13 Ocak 2012 Cuma

General Ryan'ı Kurtarmak




General Ryan'ı Kurtarmak

General arkadaşları "savaşta" esir edilen General Ryan, o sabah her zamankinden daha erken kalktı ve kendini daha yalnız hissetti. Savaştan dönmek duygusunu yaşadığı on bin küsur sabahtan birisiydi ve çok farklı değildi aslında hiçbir şey.
General Ryan, kırlaşmış kaşlarını baş ve işaret parmakları arasında bıyık burar gibi büktü, kıvırdı ve mavi gökyüzüne doğru yükselen selamın ucunu daha da sivriltti. Dünyanın kuzey ve güney yarılarını neredeyse içine alırcasına anlamlı bakan mavi gözleri bu sabah çok hüzünlüydü. Yıllardır omuz omuza, yara bereye, şehit şehide savaştığı görev ve silah arkadaşları tutuklanmıştı bir süre önce. Sıranın kendine de gelmesi kaçınılmazdı.
Ayakkabılarını, üniformasının altına giydiği ve kırk yıla yakındır hemen hiç çıkarmadığı botları bağlar gibi sıkıca bağladı; ayaklarını yana ve yukarı doğru kımıldatarak sıkılığı kontrol etti. İyi olmamıştı. Çözdü ve yeniden bağladı bağları. Bu kez sıkarken tarak kemikleri neredeyse sızlamıştı. Yeniden kontrol ettiğinde ayakkabı şimdi daha büyük ve bağlar da gevşek gelmişti ona.
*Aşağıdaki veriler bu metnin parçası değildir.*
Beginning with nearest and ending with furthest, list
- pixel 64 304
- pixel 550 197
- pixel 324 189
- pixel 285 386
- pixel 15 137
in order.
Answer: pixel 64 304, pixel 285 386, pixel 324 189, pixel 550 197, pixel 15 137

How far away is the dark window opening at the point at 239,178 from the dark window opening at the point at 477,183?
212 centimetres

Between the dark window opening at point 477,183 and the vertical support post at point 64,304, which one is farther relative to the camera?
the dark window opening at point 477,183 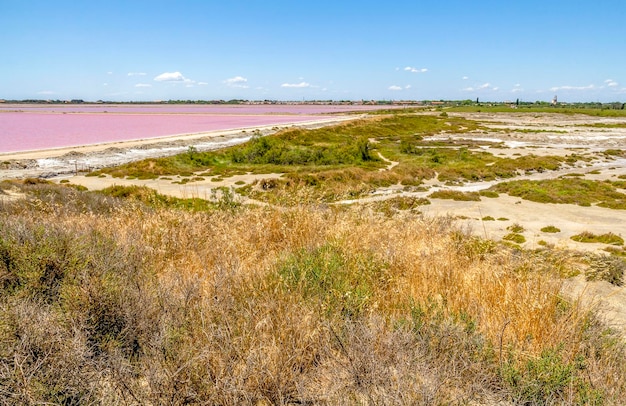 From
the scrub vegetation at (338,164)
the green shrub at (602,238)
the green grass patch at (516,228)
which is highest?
the scrub vegetation at (338,164)

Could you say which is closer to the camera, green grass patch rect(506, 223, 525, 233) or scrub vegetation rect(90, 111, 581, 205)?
green grass patch rect(506, 223, 525, 233)

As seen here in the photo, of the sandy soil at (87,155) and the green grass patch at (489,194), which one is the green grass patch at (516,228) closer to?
the green grass patch at (489,194)

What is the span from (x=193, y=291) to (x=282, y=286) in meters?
0.98

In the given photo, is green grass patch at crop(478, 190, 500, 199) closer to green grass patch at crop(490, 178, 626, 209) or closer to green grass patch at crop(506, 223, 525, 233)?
green grass patch at crop(490, 178, 626, 209)

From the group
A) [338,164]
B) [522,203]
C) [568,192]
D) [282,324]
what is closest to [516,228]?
[522,203]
Üst üst birkaç kez daha aynı şeyi denedi. Yok. Nafile. Her defasında ayakları daha da küçülüyor ya da ayakkabıları büyüyordu.
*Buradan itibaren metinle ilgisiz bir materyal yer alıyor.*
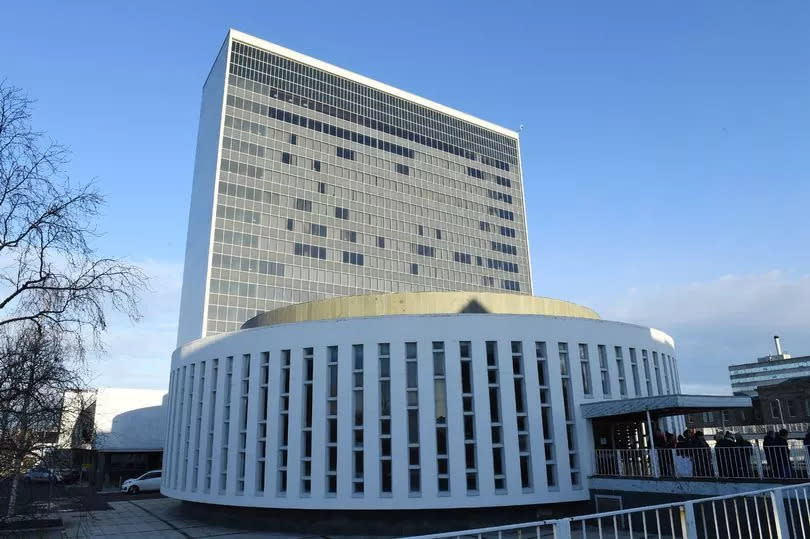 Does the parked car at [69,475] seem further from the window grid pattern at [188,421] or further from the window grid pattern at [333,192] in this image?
the window grid pattern at [333,192]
Öfkelendi. Ellerini birbirine vurdu. Kendini yumrukladı. Gözlerinden birkaç kuru yaş damlası güç bela beyaz gömleğinin yakasını ve yüzünü ıslattı.
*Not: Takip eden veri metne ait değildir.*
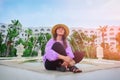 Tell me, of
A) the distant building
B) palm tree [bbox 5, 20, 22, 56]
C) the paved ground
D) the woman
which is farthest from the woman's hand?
palm tree [bbox 5, 20, 22, 56]

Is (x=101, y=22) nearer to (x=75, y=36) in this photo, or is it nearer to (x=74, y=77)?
(x=75, y=36)

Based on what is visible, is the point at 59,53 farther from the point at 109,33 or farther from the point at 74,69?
the point at 109,33

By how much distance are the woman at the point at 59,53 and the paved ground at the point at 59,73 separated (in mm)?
82

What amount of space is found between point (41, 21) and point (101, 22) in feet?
1.89

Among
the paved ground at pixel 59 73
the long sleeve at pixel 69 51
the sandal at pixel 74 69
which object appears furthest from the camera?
the long sleeve at pixel 69 51

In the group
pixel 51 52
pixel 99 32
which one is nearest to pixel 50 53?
pixel 51 52

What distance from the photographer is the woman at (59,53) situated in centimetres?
229

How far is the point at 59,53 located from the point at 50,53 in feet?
0.32

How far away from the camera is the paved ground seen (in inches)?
82.4

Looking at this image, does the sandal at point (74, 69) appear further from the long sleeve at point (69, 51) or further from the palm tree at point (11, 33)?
the palm tree at point (11, 33)

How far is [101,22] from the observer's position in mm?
2443

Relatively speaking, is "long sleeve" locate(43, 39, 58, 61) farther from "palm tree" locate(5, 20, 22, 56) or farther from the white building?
"palm tree" locate(5, 20, 22, 56)

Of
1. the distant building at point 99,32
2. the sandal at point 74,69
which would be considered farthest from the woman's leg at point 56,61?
the distant building at point 99,32

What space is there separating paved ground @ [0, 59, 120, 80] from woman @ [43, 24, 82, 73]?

Hışımla evine girdi. Kimseyi uyandırmadığından evi bir savaş sabahı sessizliği ve terkedilmişliği içindeydi. Parmak uçlarına basarcasına salonu sürünerek geçti, yatak odası dolabında emekliliğinden beri sakladığı kutuların birinden son kez kullandığı botlarını çıkardı.
Yeniden evinin önüne geldi, basamaklara oturdu; çıplak ayaklarına botları geçirdi ve bu kez bağcıkları bağlamak yerine çözdü ve çıkarıp attı.
Nasıl olsa birkaç saat sonra onlara ihtiyacı olmayacaktı.